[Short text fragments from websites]
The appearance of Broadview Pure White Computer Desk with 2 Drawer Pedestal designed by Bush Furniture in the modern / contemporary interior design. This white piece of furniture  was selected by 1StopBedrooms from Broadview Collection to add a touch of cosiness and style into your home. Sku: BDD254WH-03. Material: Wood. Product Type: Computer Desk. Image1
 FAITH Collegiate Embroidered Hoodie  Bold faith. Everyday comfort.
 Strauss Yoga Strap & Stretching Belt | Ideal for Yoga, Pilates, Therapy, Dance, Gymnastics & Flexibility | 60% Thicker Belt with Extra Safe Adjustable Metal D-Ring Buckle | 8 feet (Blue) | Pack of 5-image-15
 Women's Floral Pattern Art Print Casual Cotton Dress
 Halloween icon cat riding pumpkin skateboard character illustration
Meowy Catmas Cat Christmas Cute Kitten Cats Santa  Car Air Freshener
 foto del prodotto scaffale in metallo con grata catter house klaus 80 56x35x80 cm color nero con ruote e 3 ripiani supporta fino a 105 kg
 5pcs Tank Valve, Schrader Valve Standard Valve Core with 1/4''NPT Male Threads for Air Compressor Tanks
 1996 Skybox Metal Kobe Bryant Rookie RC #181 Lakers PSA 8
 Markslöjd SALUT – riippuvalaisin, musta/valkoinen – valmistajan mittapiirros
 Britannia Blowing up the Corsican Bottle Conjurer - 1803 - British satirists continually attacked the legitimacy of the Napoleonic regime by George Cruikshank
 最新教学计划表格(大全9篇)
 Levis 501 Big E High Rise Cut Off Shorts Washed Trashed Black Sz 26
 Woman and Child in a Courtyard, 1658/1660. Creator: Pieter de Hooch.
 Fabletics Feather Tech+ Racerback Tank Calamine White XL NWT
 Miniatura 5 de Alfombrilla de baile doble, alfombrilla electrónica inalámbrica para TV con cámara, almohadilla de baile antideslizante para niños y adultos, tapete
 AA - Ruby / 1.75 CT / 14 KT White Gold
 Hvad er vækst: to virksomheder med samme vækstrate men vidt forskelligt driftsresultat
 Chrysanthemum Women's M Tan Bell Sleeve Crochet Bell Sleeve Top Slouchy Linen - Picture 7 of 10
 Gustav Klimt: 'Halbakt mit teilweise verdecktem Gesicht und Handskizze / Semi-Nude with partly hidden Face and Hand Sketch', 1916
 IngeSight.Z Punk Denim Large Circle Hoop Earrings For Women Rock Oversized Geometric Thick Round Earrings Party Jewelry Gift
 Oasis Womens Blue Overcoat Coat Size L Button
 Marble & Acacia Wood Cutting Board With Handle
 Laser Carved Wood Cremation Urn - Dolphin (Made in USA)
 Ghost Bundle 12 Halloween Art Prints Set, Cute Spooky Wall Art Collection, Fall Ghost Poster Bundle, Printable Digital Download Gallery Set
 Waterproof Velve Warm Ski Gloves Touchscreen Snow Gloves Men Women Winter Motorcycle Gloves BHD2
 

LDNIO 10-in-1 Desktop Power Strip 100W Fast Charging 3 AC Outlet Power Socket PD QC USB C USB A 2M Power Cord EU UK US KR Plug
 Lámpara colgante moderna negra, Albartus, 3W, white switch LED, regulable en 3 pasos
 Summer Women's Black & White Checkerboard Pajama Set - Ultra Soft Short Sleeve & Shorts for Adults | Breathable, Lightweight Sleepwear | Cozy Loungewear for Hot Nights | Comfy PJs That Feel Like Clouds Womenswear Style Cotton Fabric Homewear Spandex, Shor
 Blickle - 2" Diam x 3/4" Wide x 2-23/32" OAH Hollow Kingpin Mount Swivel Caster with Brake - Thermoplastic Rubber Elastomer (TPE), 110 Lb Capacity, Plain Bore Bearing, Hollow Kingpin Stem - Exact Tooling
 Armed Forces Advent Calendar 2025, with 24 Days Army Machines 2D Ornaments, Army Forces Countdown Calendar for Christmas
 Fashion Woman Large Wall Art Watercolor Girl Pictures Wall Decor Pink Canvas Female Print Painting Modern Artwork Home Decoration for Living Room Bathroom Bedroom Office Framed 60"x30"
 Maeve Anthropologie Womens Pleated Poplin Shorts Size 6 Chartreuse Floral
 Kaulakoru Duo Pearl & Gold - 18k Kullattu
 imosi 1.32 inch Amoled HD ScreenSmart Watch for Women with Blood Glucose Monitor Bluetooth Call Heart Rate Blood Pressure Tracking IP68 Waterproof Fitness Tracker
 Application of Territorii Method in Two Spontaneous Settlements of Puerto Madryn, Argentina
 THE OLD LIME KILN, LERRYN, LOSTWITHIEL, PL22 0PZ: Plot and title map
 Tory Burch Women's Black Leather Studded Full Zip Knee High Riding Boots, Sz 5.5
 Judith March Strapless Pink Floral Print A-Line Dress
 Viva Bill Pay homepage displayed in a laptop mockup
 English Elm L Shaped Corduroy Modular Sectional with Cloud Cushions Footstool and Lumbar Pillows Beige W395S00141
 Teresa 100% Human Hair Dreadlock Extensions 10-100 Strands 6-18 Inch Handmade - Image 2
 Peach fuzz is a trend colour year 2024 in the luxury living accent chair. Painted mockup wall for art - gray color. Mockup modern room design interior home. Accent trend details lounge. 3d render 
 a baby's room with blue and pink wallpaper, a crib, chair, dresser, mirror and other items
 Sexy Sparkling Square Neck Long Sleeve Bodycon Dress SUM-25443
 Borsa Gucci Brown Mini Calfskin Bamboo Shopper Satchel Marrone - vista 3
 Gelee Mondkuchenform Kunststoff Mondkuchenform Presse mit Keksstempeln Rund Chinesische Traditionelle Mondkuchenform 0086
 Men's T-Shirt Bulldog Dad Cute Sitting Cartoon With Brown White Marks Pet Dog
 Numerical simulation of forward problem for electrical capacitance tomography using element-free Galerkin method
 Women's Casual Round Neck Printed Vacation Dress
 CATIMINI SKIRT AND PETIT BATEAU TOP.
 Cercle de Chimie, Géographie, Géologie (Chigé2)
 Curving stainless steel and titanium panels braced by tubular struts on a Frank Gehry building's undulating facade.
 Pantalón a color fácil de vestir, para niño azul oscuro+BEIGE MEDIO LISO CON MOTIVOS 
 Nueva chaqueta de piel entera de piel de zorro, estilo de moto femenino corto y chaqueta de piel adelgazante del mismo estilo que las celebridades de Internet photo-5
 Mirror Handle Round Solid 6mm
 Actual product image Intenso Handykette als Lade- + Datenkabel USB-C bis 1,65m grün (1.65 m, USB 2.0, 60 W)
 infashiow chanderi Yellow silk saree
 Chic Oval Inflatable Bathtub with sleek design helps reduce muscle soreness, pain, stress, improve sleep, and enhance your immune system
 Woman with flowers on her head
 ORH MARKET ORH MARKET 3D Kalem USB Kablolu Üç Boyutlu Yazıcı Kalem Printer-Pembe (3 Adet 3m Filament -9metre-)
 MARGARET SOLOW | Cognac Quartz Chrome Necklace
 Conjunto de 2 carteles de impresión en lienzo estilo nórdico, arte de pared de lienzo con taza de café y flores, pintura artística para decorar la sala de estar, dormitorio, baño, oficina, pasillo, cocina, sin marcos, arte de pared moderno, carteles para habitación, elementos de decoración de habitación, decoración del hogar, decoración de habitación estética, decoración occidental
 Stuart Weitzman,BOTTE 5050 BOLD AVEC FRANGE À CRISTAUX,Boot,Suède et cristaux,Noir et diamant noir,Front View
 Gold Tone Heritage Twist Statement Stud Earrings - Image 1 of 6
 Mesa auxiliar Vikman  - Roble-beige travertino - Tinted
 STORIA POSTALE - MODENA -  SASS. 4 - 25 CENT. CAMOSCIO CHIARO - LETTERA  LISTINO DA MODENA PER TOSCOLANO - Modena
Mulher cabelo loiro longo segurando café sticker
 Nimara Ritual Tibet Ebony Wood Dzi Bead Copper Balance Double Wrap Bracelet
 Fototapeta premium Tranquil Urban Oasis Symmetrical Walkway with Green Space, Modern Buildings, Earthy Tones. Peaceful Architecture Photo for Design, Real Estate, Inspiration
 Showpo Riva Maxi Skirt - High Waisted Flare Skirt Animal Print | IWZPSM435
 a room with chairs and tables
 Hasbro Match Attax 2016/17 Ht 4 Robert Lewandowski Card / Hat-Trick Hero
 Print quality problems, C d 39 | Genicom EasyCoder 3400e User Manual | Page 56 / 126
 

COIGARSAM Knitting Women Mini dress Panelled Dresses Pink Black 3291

Work to be completed => Show all lines above containing "Gold".

Solution for this task =>
 AA - Ruby / 1.75 CT / 14 KT White Gold
 Kaulakoru Duo Pearl & Gold - 18k Kullattu
 Gold Tone Heritage Twist Statement Stud Earrings - Image 1 of 6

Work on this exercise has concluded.